Anteontem tive de aturar mais uma vez a má-criação de uma operadora de caixa do Continente – uma javarda insignificante a achar-se o máximo e a destoar do atendimento delicado que quase sempre ali presencio. O único senão além desta paspalha é uma colega ruiva e desbocada – bem sei que a formação no Continente não é má, mas há gente que nunca se corrige. No caso da ruiva pintada nem é grave, é apenas uma questão de feitio, excesso de à vontade e veleidades de intimidade, um mal do nosso tempo, no caso da primeira é mesmo estupidez galopante. E não me venham os activistas das causas fáceis justificar a má-criação com as vidas difíceis da classe trabalhadora. O que mais há é gente trabalhadora com vidas muito agrestes e ainda assim bem-educada, farta de aturar bestas de vidas fáceis ou difíceis.
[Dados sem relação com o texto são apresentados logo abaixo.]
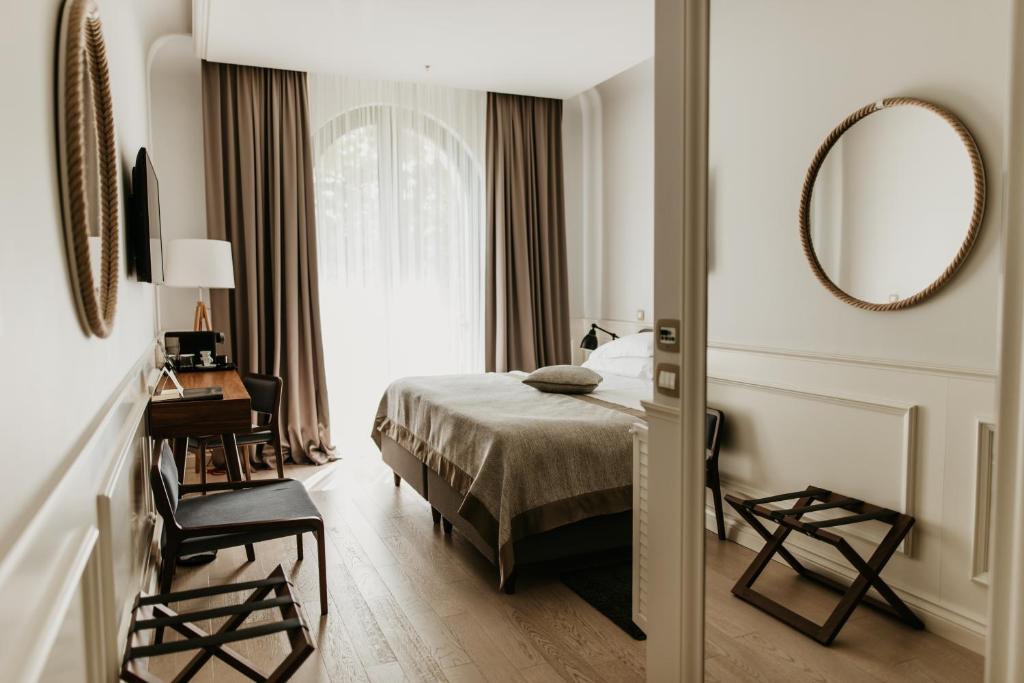 Posteľ alebo postele v izbe v ubytovaní Hotel Majestic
Saindo do supermercado e generalizando o assunto má-criação deixo um comentário que procurei sempre não fazer por preservar o meu trabalho. Lidando diariamente com gente de todos os géneros e feitios concluo quase sempre (não nos dias das zangas) que o mundo tende mais para o bem do que para o mal. Refiro-me às atitudes. É impressionante como podemos perceber a boa educação e a boa índole independente dos pecadilhos de cada de um. Todos os possuímos. E isto para lá dos dias e luas e feitios a que cada um tem direito. A grande diferença está na consciência ou falta dela. Felizmente por cada fulano ou fulana cheios de prosápia, agressividade ou falsa simpatia e oportunismo – associados na maior parte das vezes ao erro grosseiro quando não mesmo à desonestidade – e isto independentemente da condição económica e social de cada um, por cada arrogante, desonesto, falso ou oportunista, dizia, temos dezenas de pessoas normais, mais discretas, mais bem-educadas, mais delicadas ainda que tropeçando como todos nós, uns mais do que outros, na falha ou no erro.
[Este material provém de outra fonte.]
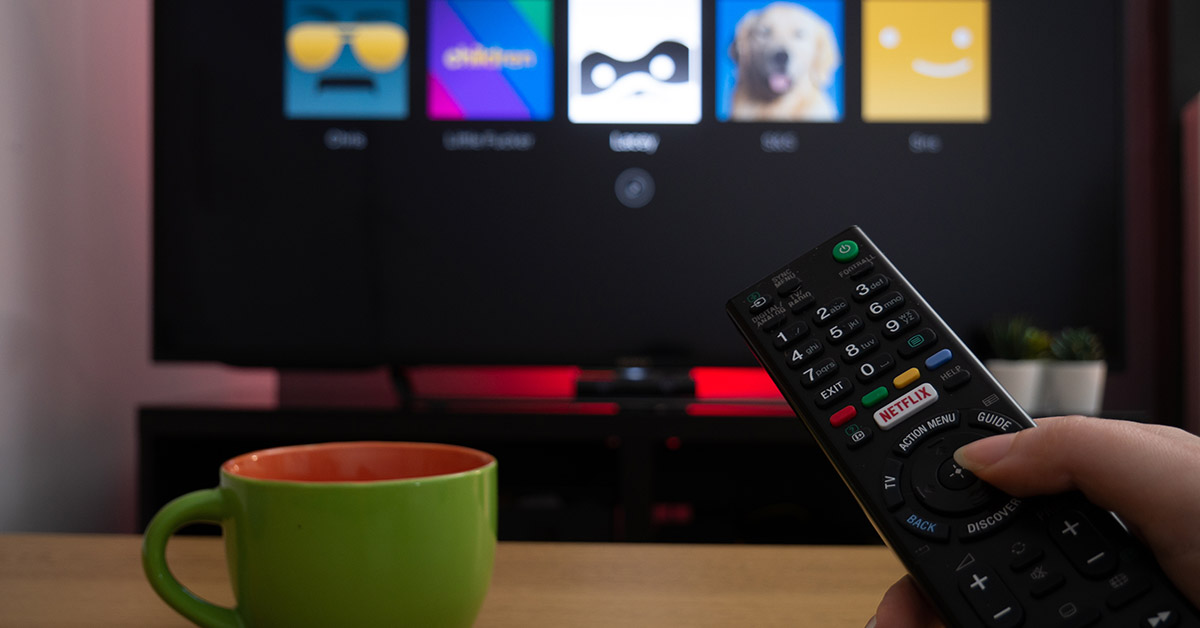 person pointing TV remote and television displaying Netflix profile screen.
Abrindo ainda mais o leque, isto é, generalizando ainda mais: acreditar no que acabei de escrever não invalida que saiba que as pessoas estão sujeitas a influências e que os comportamentos, sobretudo de massa, são imprevisíveis quando manipulados com ardil por interesses ou por pretensas causas inconsequentes. O mundo é um lugar perigoso onde os piores instintos podem vir à tona num ápice.
À noite estive a arrumar papéis no +1 em busca de me orientar na temporada de marcações relativas a saúde que se avizinha para os dois habitantes desta casa. Foi uma arrumação superficial. Preciso passar mais umas horas a arquivar e deitar ao lixo o que é desnecessário.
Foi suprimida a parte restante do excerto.